Hello I've recently moved to Surabaya to take a TEFL course. After the course I want to teach English in this country. I want to know of somewhere in this country with opportunities for English teaching, hiking, and ocean swimming all in relatively close proximity to each other. Obviously, this is not Surabaya. In the other countries I've lived in this combination has been available. I'm hoping someone could tell me where to find this kind of place in Indonesia. Try not to mention Bali; I'm not looking for a party scene. Also Bali is the one choice someone who has never been to Indonesia could mention. I'm looking for answers from people who have traveled Indonesia and could give me an name of a place that wouldn't be readily available in a google search.


----------



## leyocash (Apr 21, 2014)

j.gillette1986 said:


> Hello I've recently moved to Surabaya to take a TEFL course. After the course I want to teach English in this country. I want to know of somewhere in this country with opportunities for English teaching, hiking, and ocean swimming all in relatively close proximity to each other. Obviously, this is not Surabaya. In the other countries I've lived in this combination has been available. I'm hoping someone could tell me where to find this kind of place in Indonesia. Try not to mention Bali; I'm not looking for a party scene. Also Bali is the one choice someone who has never been to Indonesia could mention. I'm looking for answers from people who have traveled Indonesia and could give me an name of a place that wouldn't be readily available in a google search.

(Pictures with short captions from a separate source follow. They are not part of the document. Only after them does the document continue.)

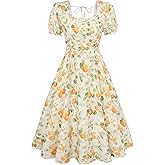 Belle Poque Vintage Dress for Women 2026 Summer 1950s Midi Cottagecore Dresses Square Neck Wedding Guest Cocktail Dress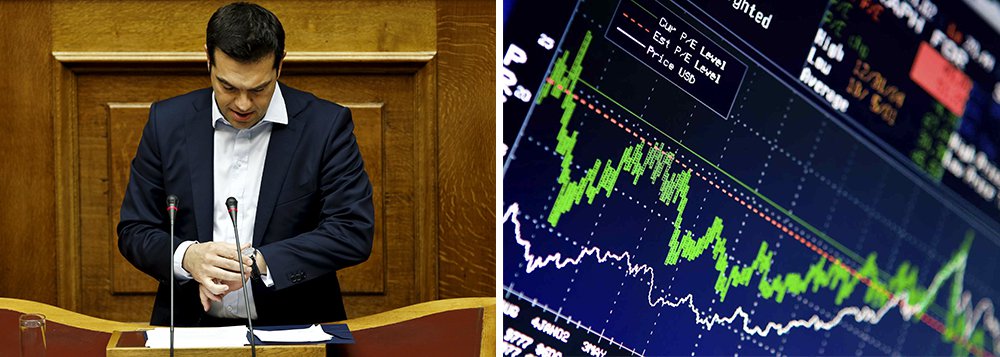 Os índices se afastaram das máximas da sessão após o primeiro-ministro da Grécia, Aleixs Tsipras, reiterar seu pedido para que a população grega rejeite o resgate internacional no referendo do domingo; no Brasil, Petrobras cai forte e Ibovespa vira para queda
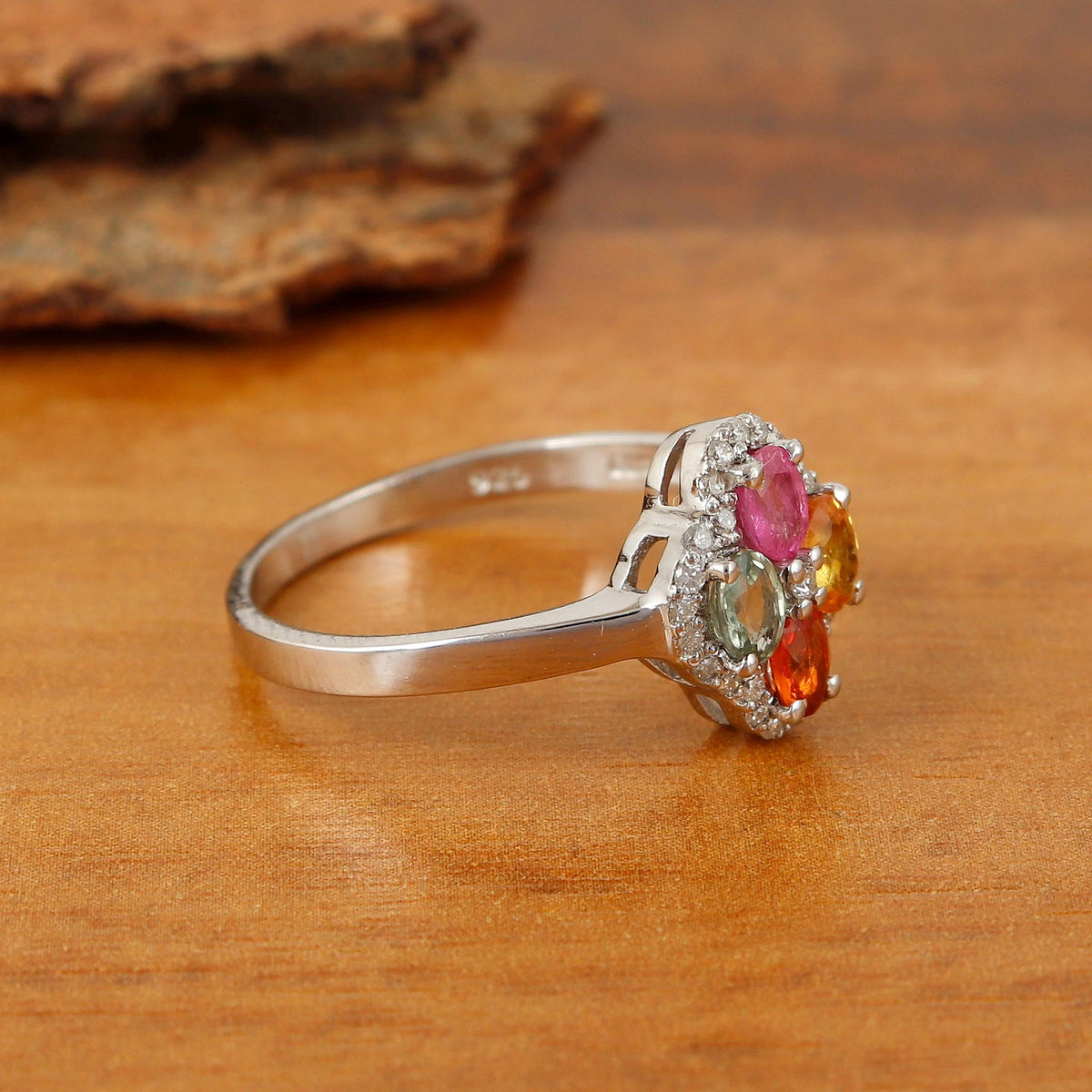 Multi Sapphire & Diamond Silver Ring, Statement Handmade Gemstone Jewelry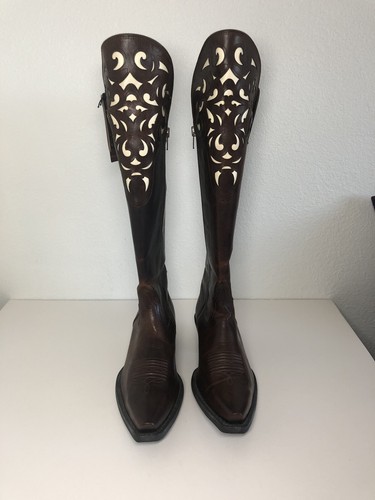 Leather Knee High Cowboy Boots 10010252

Hello, i thing yogyakarta city that u can english teaching n learning, hiking n ocean swimming also..u must looking city in java island, not in outside java to take a TEFL course..hope answer ur question..


----------



## kaimouse (Jul 17, 2014)

I agree - Yogya is between mount Merapi and the sea (though the closest beach - Parangtritis is really no good for swimming). Hiking, swimming available within a decent drive (like an hourish depending on which part of the city you choose to live in). And it has a large community of students and many large English language schools.

Good luck!


----------